▶ [Your objective]
Please retype the data in full and exactly; the pictures are not part of the copy.

[Crawled caption data]
───

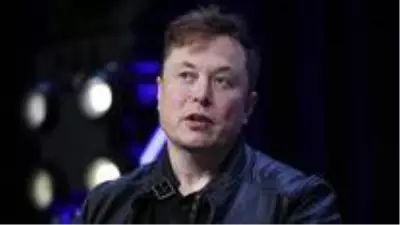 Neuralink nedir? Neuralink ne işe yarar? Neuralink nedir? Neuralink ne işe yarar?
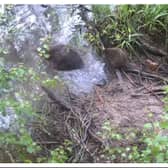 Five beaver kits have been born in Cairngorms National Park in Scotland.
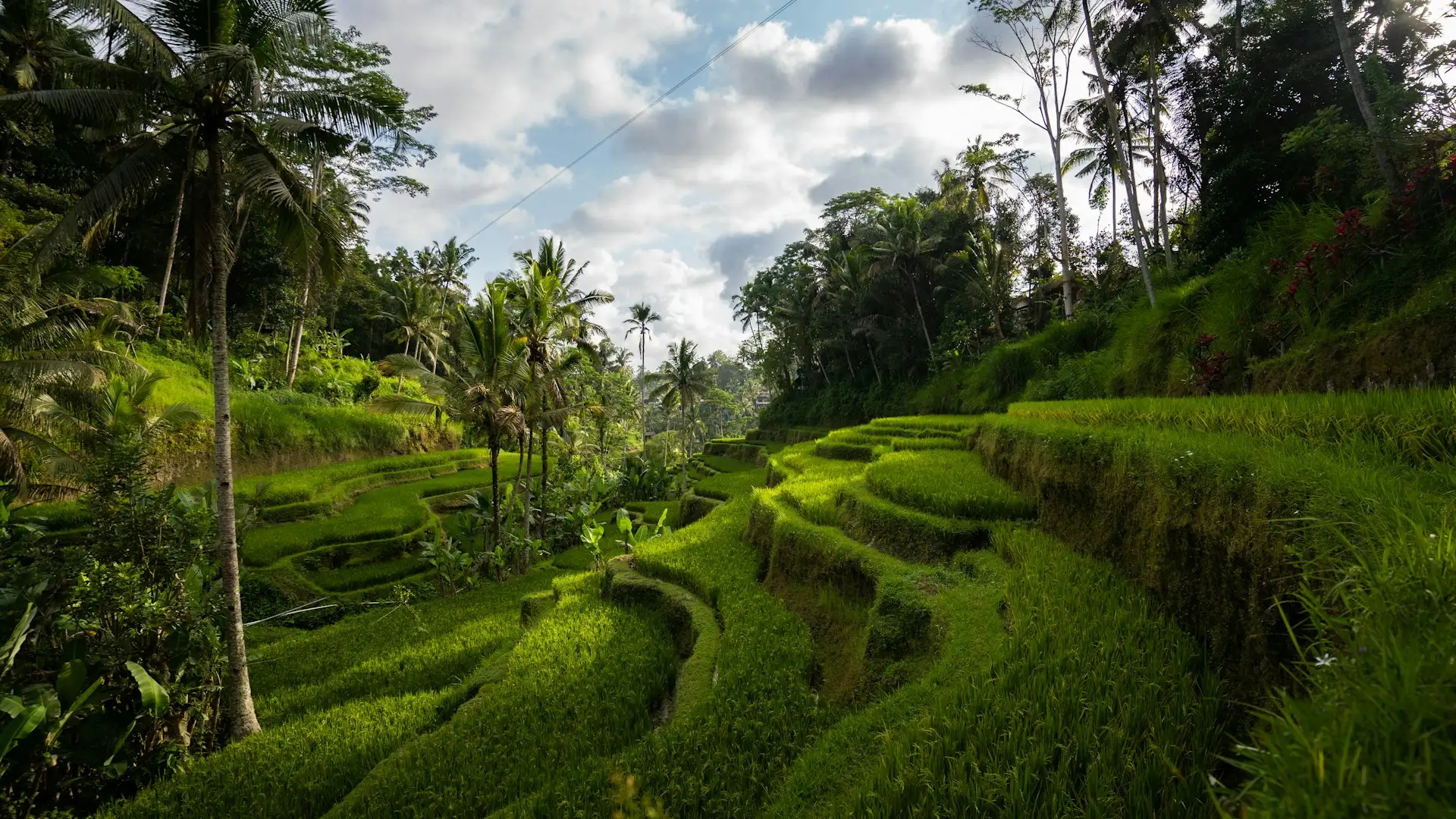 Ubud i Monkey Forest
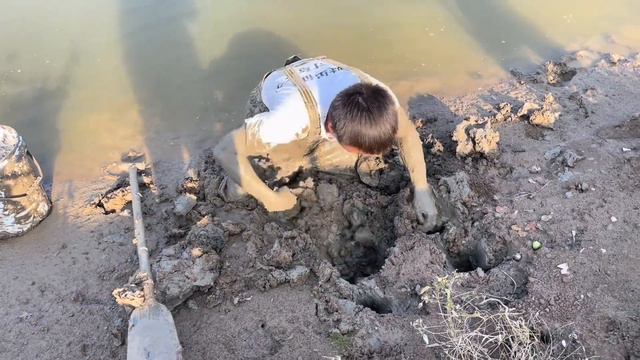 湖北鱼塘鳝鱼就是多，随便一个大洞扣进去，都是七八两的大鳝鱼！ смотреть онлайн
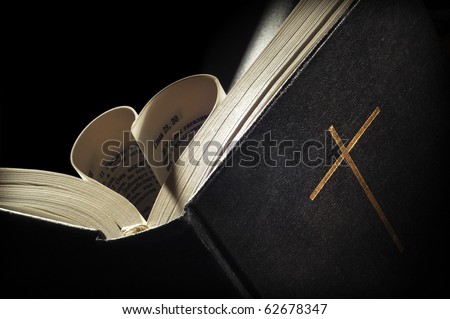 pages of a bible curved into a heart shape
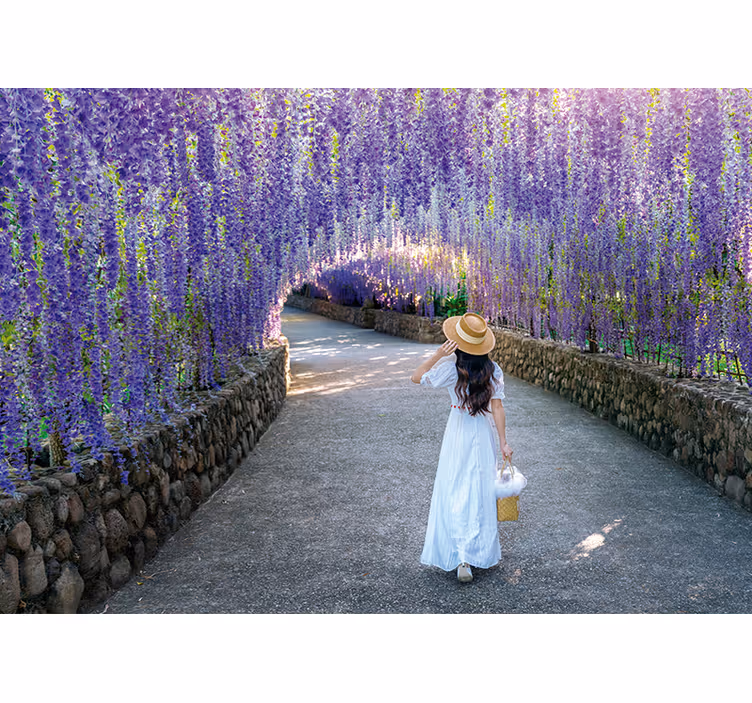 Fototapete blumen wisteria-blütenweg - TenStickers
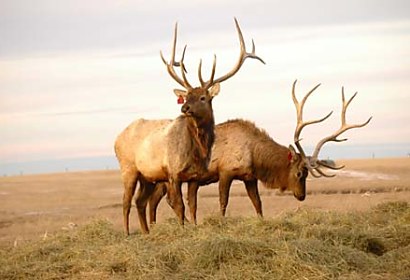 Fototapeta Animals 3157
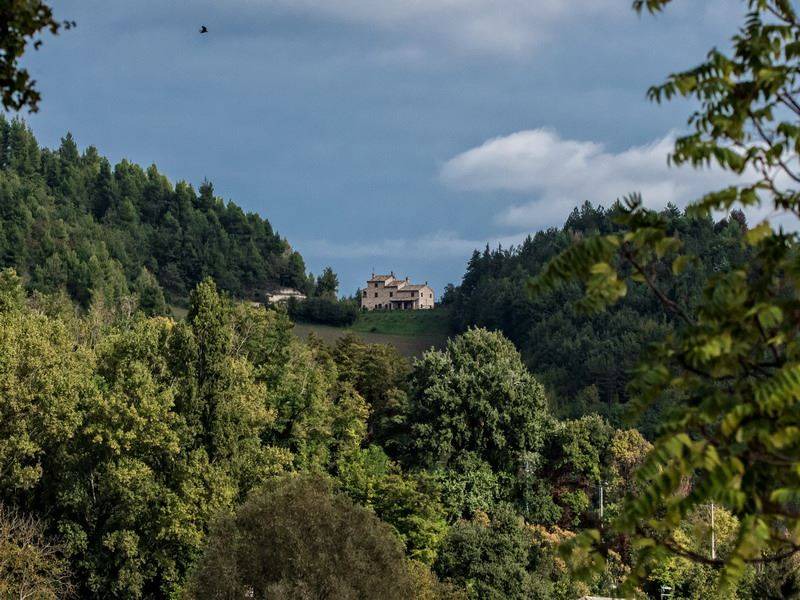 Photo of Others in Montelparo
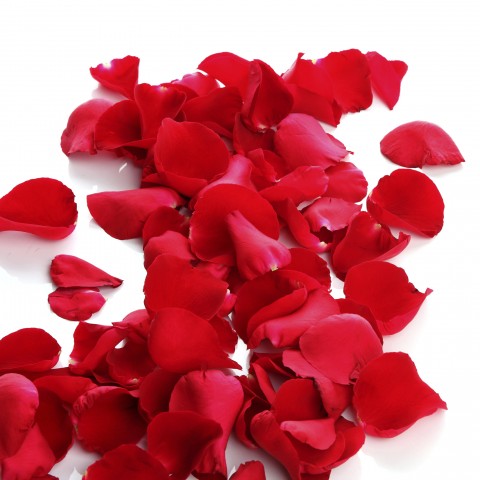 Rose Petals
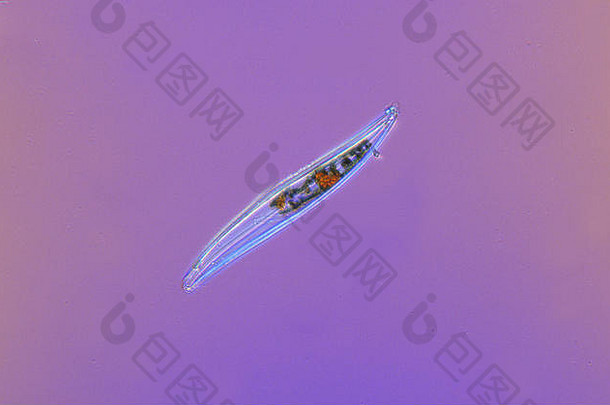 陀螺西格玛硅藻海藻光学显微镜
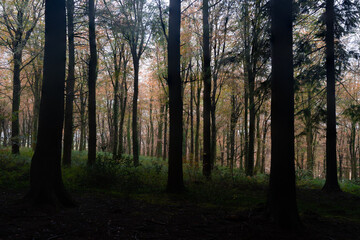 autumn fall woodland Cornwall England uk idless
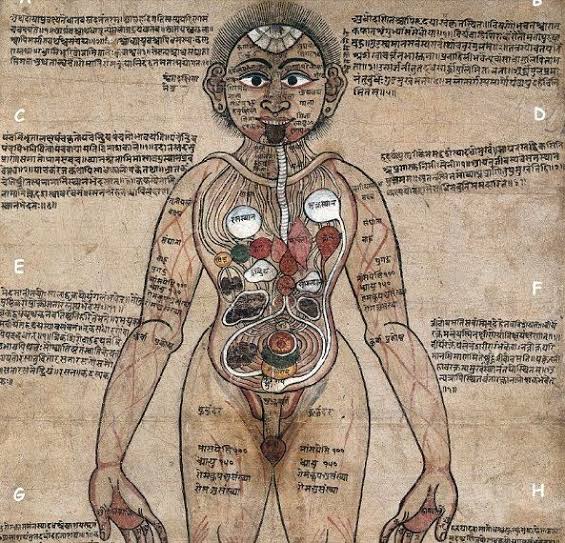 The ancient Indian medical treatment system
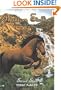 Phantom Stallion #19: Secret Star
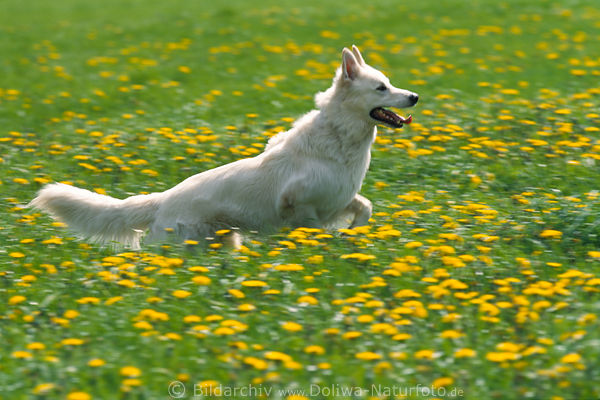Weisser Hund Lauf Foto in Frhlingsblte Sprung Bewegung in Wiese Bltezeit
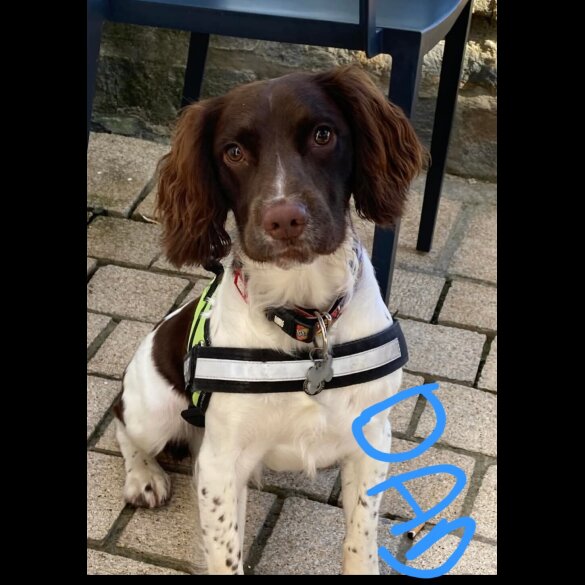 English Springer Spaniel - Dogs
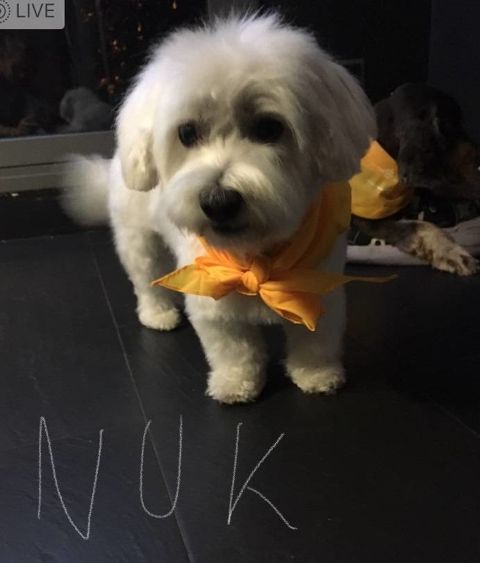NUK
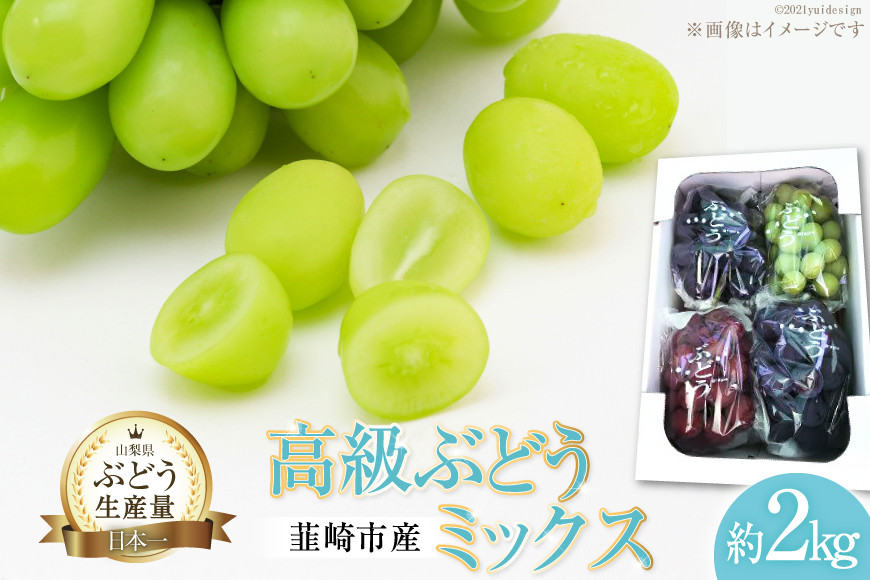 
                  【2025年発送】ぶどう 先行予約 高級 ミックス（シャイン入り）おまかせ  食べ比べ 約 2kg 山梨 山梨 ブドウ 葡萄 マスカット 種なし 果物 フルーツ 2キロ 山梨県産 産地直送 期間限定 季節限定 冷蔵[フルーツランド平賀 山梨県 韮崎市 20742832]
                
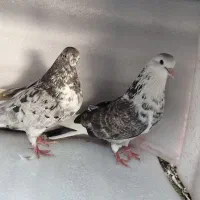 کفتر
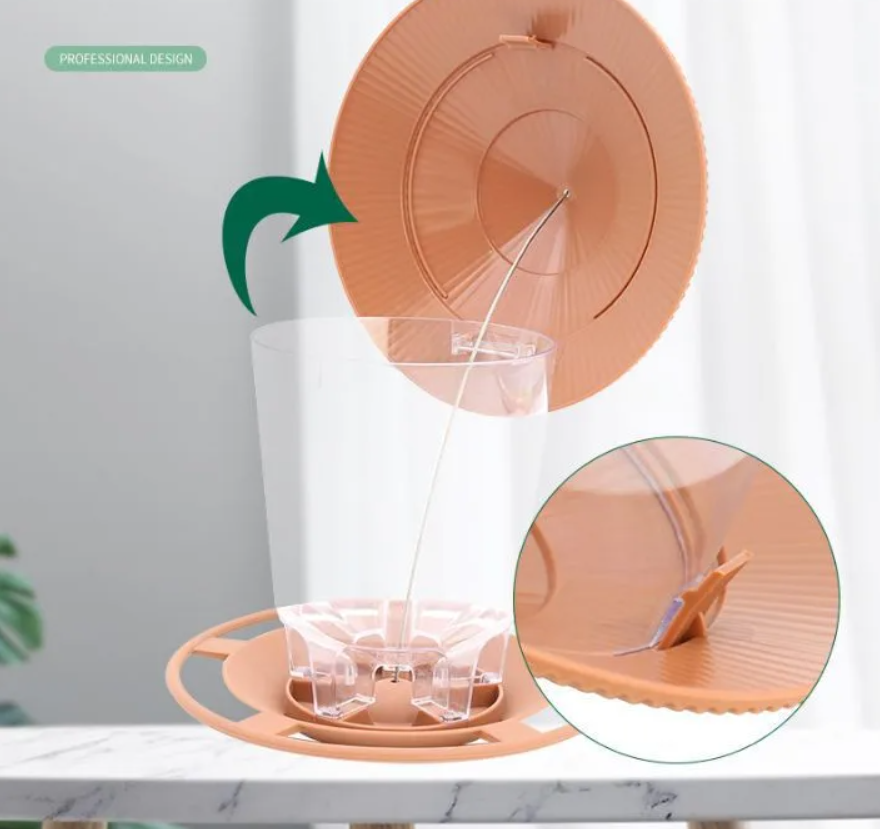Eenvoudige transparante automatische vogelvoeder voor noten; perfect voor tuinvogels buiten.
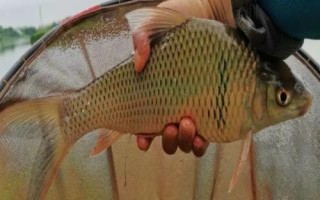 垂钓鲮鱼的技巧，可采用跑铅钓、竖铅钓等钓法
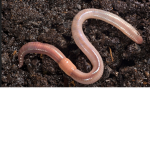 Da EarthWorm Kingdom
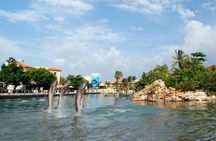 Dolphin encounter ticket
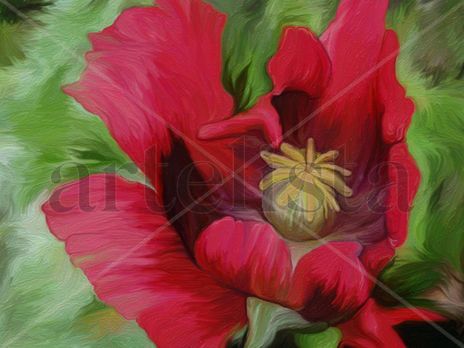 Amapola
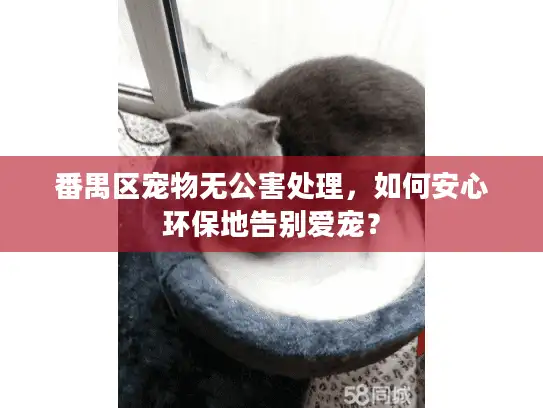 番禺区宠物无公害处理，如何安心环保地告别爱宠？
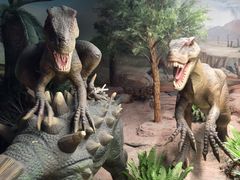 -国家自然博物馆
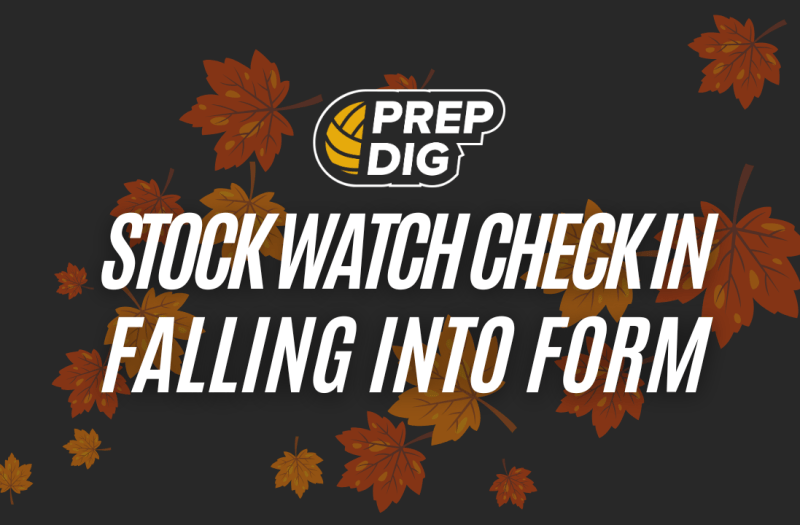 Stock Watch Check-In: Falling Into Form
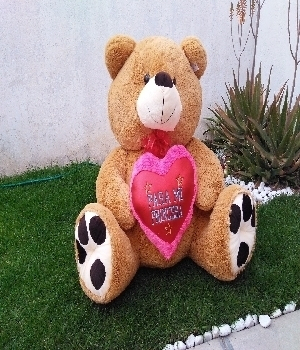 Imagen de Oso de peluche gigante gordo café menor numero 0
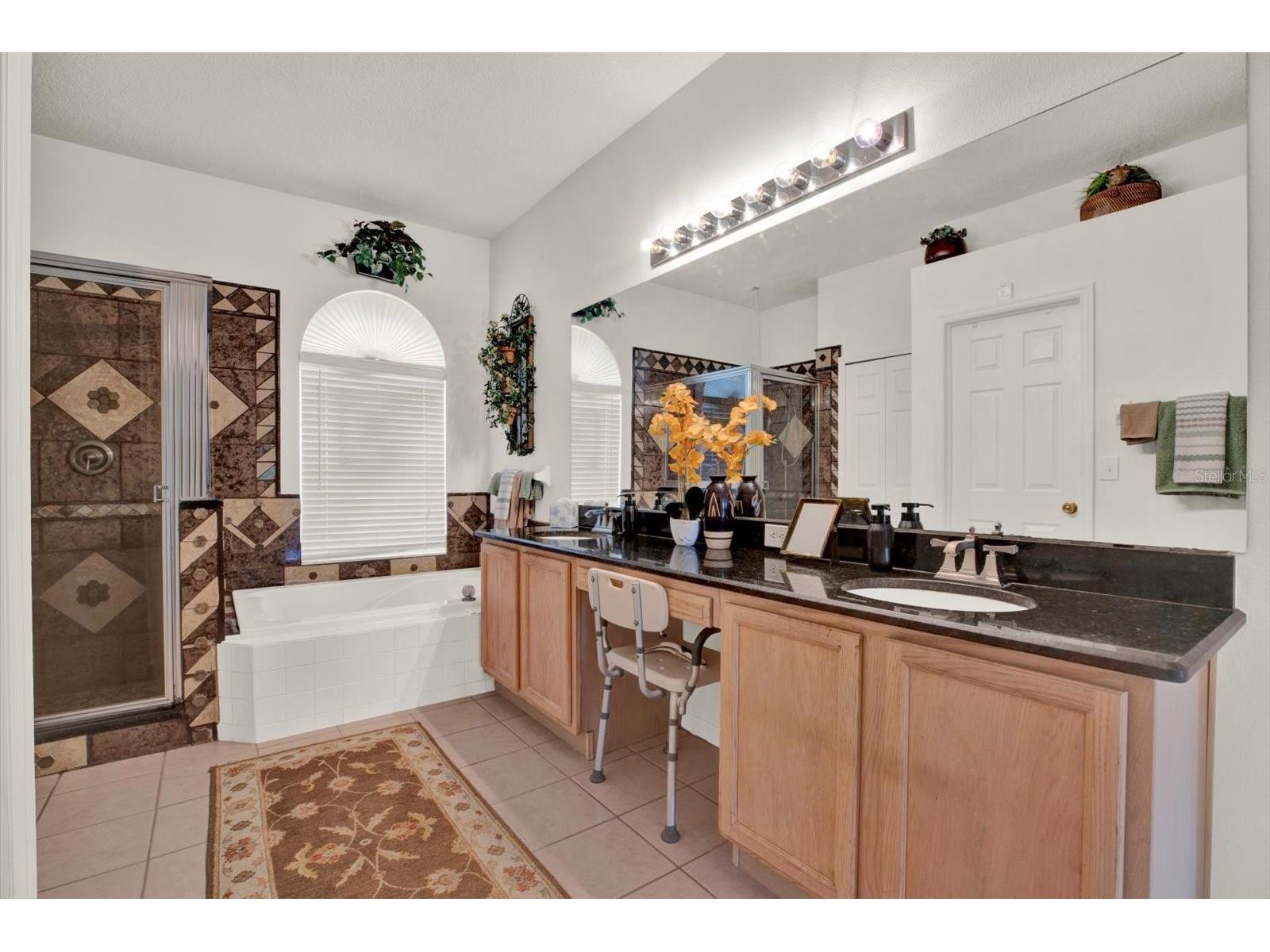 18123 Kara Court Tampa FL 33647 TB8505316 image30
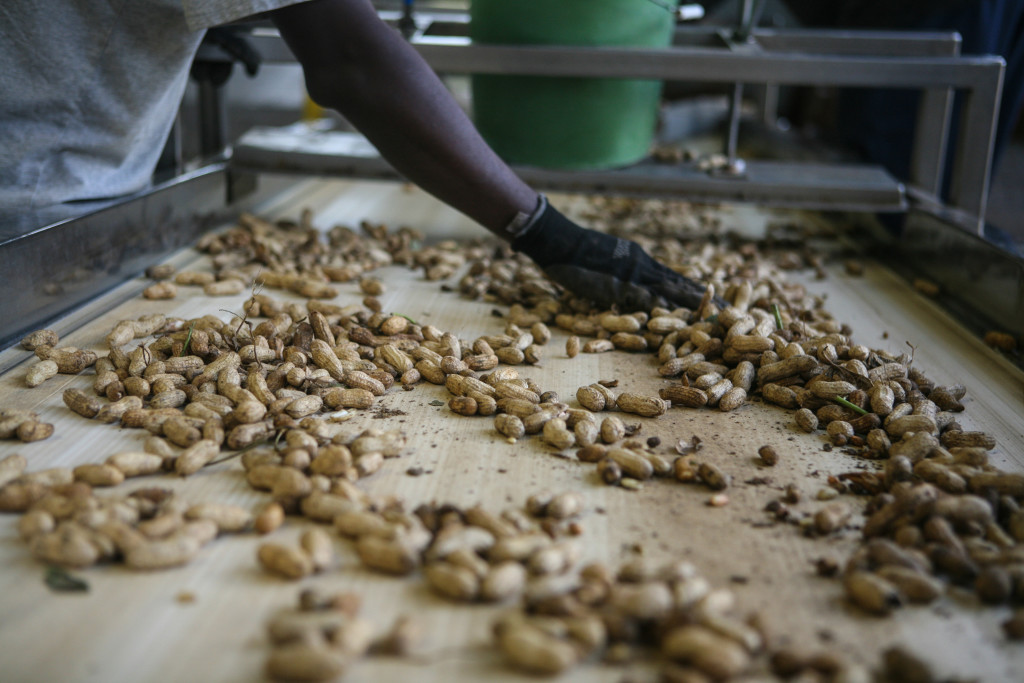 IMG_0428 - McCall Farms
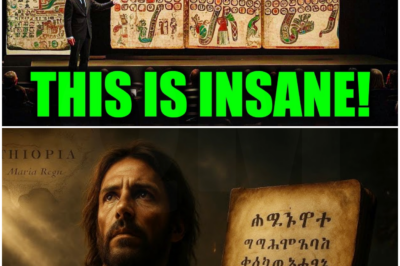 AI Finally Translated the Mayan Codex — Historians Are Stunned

───

▶ [Completed task]
 Neuralink nedir? Neuralink ne işe yarar? Neuralink nedir? Neuralink ne işe yarar?
 Five beaver kits have been born in Cairngorms National Park in Scotland.
 Ubud i Monkey Forest
 湖北鱼塘鳝鱼就是多，随便一个大洞扣进去，都是七八两的大鳝鱼！ смотреть онлайн
 pages of a bible curved into a heart shape
 Fototapete blumen wisteria-blütenweg - TenStickers
 Fototapeta Animals 3157
 Photo of Others in Montelparo
 Rose Petals
 陀螺西格玛硅藻海藻光学显微镜
 autumn fall woodland Cornwall England uk idless
 The ancient Indian medical treatment system
 Phantom Stallion #19: Secret Star
Weisser Hund Lauf Foto in Frhlingsblte Sprung Bewegung in Wiese Bltezeit
 English Springer Spaniel - Dogs
NUK
                  【2025年発送】ぶどう 先行予約 高級 ミックス（シャイン入り）おまかせ  食べ比べ 約 2kg 山梨 山梨 ブドウ 葡萄 マスカット 種なし 果物 フルーツ 2キロ 山梨県産 産地直送 期間限定 季節限定 冷蔵[フルーツランド平賀 山梨県 韮崎市 20742832]
                
 کفتر
Eenvoudige transparante automatische vogelvoeder voor noten; perfect voor tuinvogels buiten.
 垂钓鲮鱼的技巧，可采用跑铅钓、竖铅钓等钓法
 Da EarthWorm Kingdom
 Dolphin encounter ticket
 Amapola
 番禺区宠物无公害处理，如何安心环保地告别爱宠？
 -国家自然博物馆
 Stock Watch Check-In: Falling Into Form
 Imagen de Oso de peluche gigante gordo café menor numero 0
 18123 Kara Court Tampa FL 33647 TB8505316 image30
 IMG_0428 - McCall Farms
 AI Finally Translated the Mayan Codex — Historians Are Stunned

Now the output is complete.